During the migration process, we established several best practices early in the migration that helped us improve processes for the larger migration scenarios that occurred later in the migration. These best practices include:

  • Build for the cloud. Take advantage of the scalability of Azure VMs and choose the most effective SKUs. Provisioning in the cloud is a dynamic, fluid process, and managing SKUs for efficiency helps ensure adequate performance and increased cost-effectiveness.
  • Plan for traffic-flow changes. Hosting services in the cloud brings requires a different pattern and flow of network traffic. Involve network support to build network changes together. Ensure adequate traffic flow and proper network segmentation.
  • Involve local IT and support teams.
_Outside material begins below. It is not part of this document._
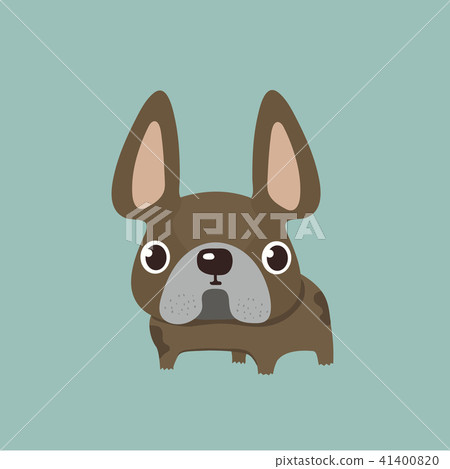 french bulldog design, pet and animal concept.  41400820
We involved our IT and support teams in the branch-office locations to provide the best support for our users and ensure that we understood the nuances of the branch office server environment in each location. These teams helped us gather user feedback and identify potential usability issues. Early IT engagement and support created a better migration experience for users, local support teams, and the team implementing the migration.
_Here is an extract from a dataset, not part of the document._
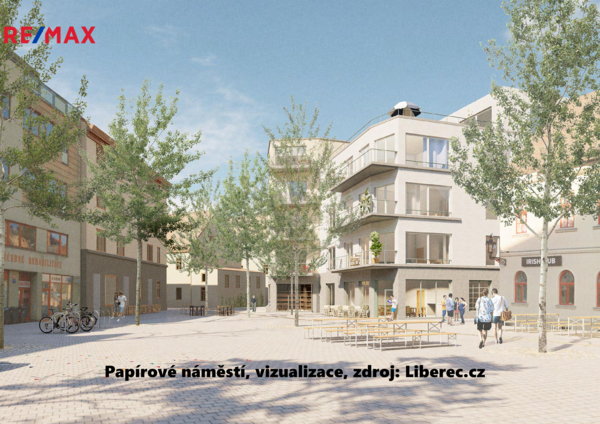 REMAX Delux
  • Implement change-management controls. Any time that infrastructure changes affect the business and the user, change-management controls should be used to minimize miscommunication and ensure services continuity throughout the migration.

Conclusion

Microsoft Core Services Engineering and Operations (CSEO) migrated branch-office services to Microsoft Azure from more than 200 physical servers hosting more than 1,400 virtual machines in 86 countries and regions. The migration enabled CSEO to decommission 95 percent of the physical servers and align the branch-office infrastructure with the rest of the organization. The new cloud-based services have created a more robust and internet-friendly environment for branch-office employees, thus creating new ways to work in remote locations and maintaining connectivity to the rest of the organization.